What to work on: Every line below that has "Under" in it should be copied.
-- Given records follows --
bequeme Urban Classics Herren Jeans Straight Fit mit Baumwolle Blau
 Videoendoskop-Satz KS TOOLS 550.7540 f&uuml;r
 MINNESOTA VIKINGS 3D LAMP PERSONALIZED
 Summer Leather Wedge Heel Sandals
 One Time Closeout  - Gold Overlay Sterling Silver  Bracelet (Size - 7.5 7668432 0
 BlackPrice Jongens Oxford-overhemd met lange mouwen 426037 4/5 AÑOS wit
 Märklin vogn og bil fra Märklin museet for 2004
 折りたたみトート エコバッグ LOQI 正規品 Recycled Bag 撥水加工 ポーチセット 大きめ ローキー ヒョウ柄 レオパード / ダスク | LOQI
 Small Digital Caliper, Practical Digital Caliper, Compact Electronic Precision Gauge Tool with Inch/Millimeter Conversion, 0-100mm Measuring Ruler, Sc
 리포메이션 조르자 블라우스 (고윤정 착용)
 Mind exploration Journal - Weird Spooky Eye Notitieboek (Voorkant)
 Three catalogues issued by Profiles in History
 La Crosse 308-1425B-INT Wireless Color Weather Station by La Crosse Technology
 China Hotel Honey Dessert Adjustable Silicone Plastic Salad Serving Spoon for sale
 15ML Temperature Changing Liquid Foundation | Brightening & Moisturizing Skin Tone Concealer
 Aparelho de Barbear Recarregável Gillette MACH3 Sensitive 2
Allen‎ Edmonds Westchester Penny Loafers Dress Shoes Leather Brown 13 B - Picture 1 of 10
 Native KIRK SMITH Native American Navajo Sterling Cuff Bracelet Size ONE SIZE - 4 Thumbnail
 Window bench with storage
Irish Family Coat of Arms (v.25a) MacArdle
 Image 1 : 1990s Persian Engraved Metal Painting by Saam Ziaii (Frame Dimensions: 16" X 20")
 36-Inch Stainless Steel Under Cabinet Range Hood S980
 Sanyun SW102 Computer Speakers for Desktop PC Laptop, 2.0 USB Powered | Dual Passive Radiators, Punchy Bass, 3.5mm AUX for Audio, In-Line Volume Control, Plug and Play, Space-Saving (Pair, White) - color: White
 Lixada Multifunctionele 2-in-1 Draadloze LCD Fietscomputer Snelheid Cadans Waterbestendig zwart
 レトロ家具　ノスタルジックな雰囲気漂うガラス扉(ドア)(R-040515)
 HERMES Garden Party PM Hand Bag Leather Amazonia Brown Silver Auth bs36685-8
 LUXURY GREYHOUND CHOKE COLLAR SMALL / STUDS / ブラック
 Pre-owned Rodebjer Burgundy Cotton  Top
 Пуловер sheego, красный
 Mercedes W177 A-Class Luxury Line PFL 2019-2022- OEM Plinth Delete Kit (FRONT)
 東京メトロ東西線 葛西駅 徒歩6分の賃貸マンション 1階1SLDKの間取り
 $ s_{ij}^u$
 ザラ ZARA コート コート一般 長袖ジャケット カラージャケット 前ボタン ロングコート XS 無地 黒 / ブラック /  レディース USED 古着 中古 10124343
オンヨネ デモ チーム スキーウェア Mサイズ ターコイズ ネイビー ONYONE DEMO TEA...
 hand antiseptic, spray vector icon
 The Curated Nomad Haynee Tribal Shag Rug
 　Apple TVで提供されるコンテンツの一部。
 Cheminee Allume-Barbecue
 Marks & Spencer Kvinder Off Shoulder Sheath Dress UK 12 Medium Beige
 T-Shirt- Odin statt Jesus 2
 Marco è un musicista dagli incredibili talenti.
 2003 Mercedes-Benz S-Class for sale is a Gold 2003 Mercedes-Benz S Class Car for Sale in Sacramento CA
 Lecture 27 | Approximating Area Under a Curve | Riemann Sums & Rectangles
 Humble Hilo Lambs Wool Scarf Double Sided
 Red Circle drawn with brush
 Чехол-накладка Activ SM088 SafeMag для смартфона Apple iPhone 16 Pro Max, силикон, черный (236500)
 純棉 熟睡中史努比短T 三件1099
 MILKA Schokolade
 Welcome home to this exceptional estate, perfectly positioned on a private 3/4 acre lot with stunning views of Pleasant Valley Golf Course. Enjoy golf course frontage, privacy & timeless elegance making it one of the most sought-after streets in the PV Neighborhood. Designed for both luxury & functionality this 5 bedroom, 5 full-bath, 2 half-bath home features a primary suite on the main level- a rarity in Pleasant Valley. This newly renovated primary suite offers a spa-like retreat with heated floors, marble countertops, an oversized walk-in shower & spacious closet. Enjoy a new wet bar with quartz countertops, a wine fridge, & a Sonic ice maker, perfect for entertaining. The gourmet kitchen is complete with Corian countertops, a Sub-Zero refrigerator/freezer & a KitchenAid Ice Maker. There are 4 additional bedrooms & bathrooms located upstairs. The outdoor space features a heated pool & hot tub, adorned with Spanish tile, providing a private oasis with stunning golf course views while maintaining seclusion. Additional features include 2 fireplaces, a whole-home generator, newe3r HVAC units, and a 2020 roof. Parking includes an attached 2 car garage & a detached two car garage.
-- Given records concluded --
Task response:
 36-Inch Stainless Steel Under Cabinet Range Hood S980
 Lecture 27 | Approximating Area Under a Curve | Riemann Sums & Rectangles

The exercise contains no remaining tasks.